The worst part about working a 9-5 is the morning commute. I am amazed at how miserable of an experience this is. The morning commute perfectly sums everything wrong with middle-management wage labor. Everyone is rushing because everyone is terrified of being late. Why are they terrified of being late? Because they are dreading arriving at their destination. They are rushing to get to a place they despise. Thus they sleep through their alarm or they fall back asleep, or they spend a few extra minutes with their children, or they drop their kids off at school because that’s the only time of the day they get to see them. You’re inevitably going to run behind schedule if you dread the schedule you’re following. This results in speeding, car crashes, and road rage. This also results in a skewed perception. Everyone else in the world is getting in your way. Of course you don’t actually think you’re the center of the universe but sitting in bumper-to bumper traffic, staring at the clock, terrified of being five minutes late, isn’t the time for being rational. You hate everyone around you.

Most people in the US work Monday through Friday from nine to five. Everyone is trying to arrive at the same place at the same time. So you spend the first bit of your day, at least five days a week, in gridlock, completely wasting your time. Sure you can listen to music, or a podcast, or an audiobook, but in reality most people don’t. You’re tired and you’re stressed and you’re trying to save what little energy you have to complete the mundane tasks of a soul-sucking job. I used to have this weird hazy feeling in the morning and whenever I would put on an interesting podcast I would find myself tuned out. I couldn’t pay attention. I would shift my focus between the clock on the dashboard and the stop and go traffic, simultaneously calculating my arrival time and trying to not cause an accident.

The worst part about the morning commute is watching your gas gauge slowly but consistently deflate. You’re literally wasting your money. You can do your job from home. You don’t need to drive to a lifeless office inhabited by lifeless people. In the technology age there is almost nothing that can’t be done from the comfort of your own home. Instead you spend an hour wasting gas to get to a place you don’t want to go, wasting money that could be used for hundreds of better alternatives.
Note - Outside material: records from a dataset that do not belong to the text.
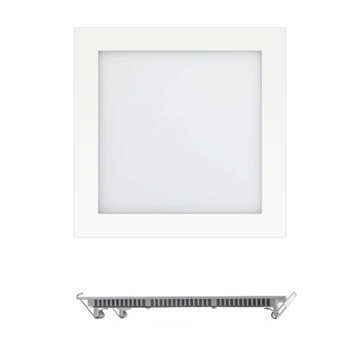 Εικόνα της ΧΩΝΕΥΤΟ LED SLIM ΤΕΤΡΑΓΩΝΟ 24 WATT 4000Κ 4000C.W 2400LM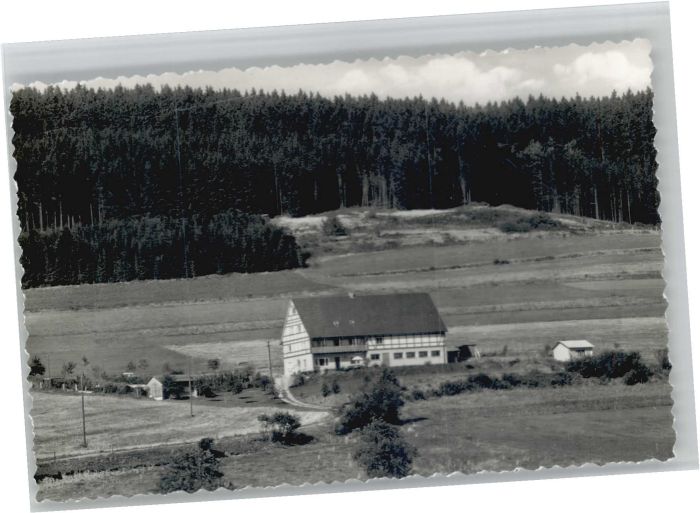 Bad Berleburg Pension Hof Steinbach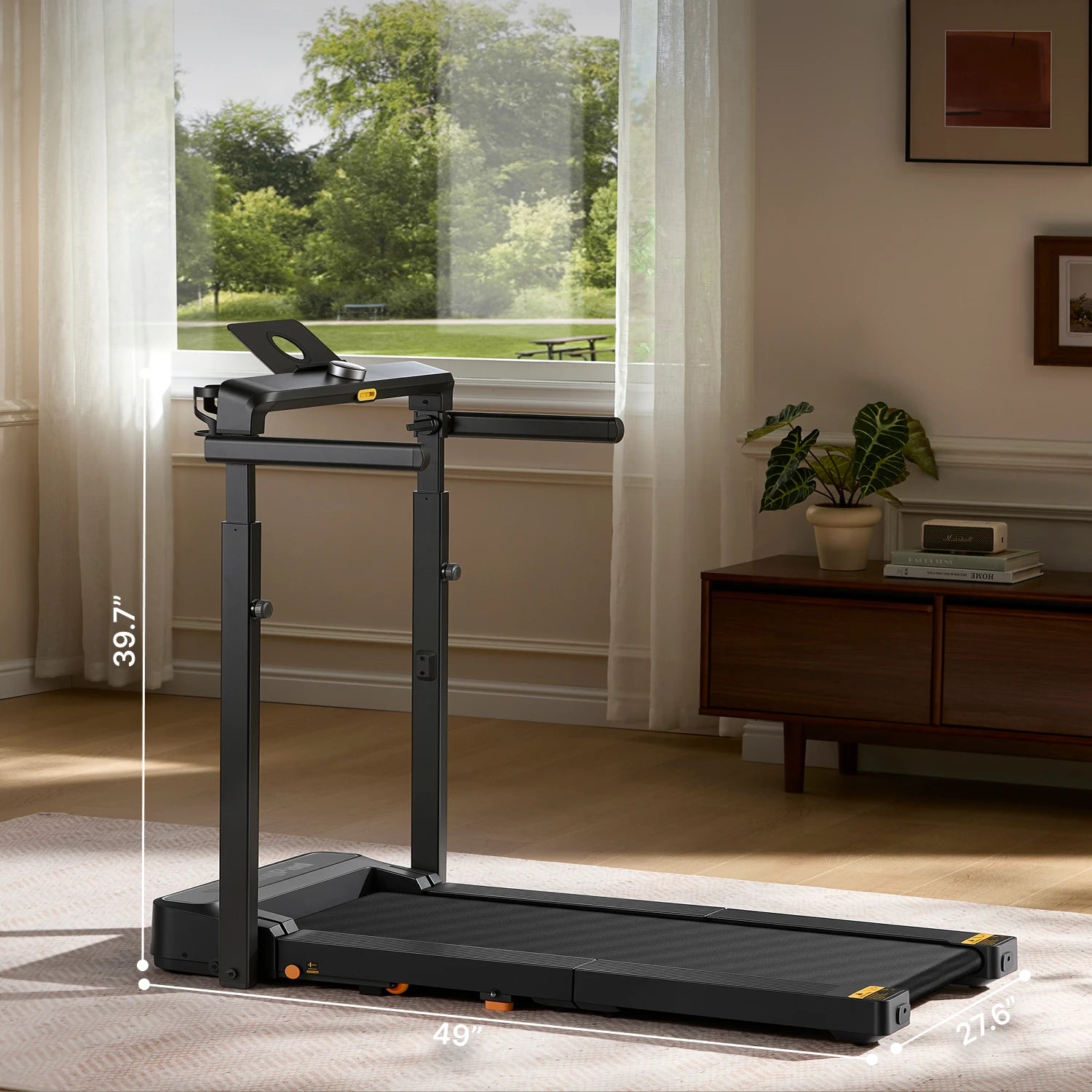 WalkingPad MX8 Vertical Fold Treadmill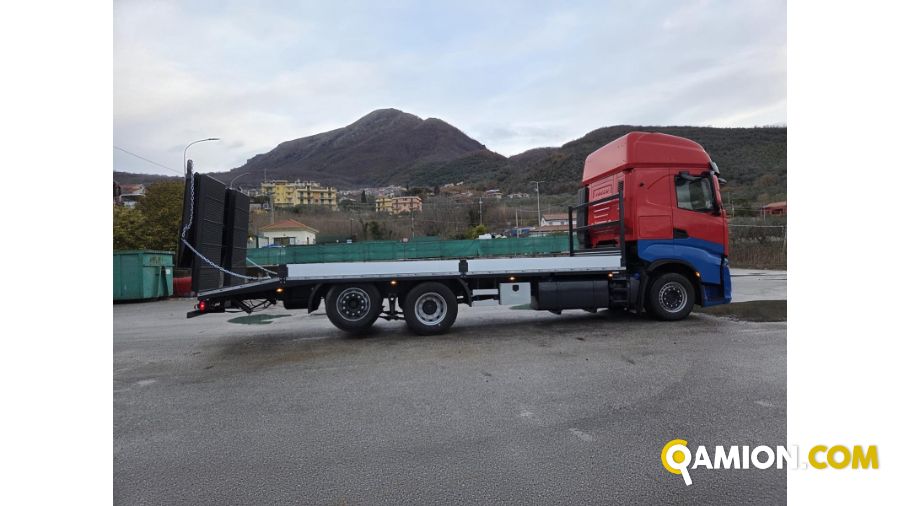 Iveco AS260S48 AS260S48 | PROCIDAMACCHINE S.R.L.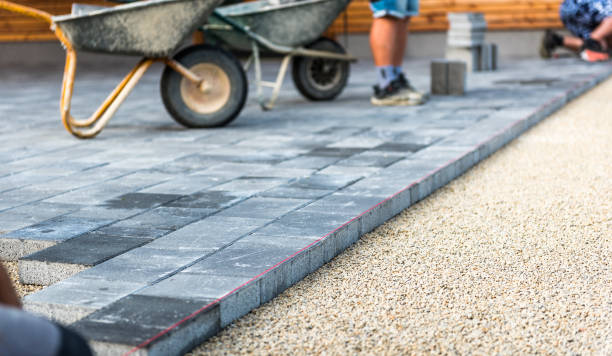 Best Concrete Paver Driveway  in Westbrook, ME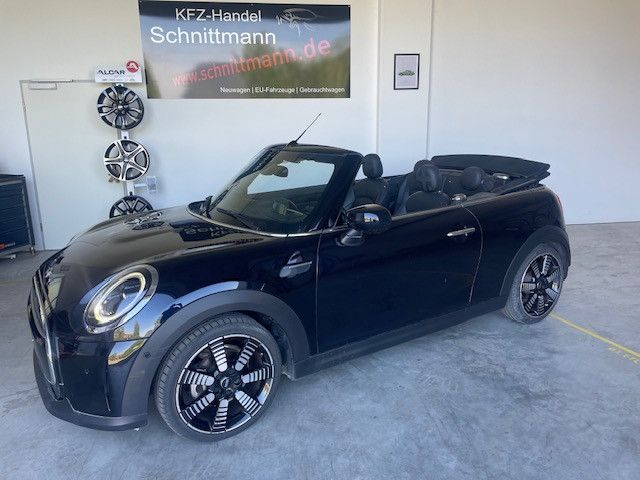 Mini Cooper Cabrio 28.924 km 23.500 &euro; Burgberg/Allgäu 87545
This is how you begin five out of the seven days of the week. I realized this and I decided I wouldn’t do it anymore. I can’t. There are too many amazing things out there to waste your life doing something you hate. If you don’t have children or other obligations, I urge you to revaluate your life. Don’t settle for the next paycheck. Saying no to a regular paycheck is scary, I understand that, but everything worth anything in life is a little scary.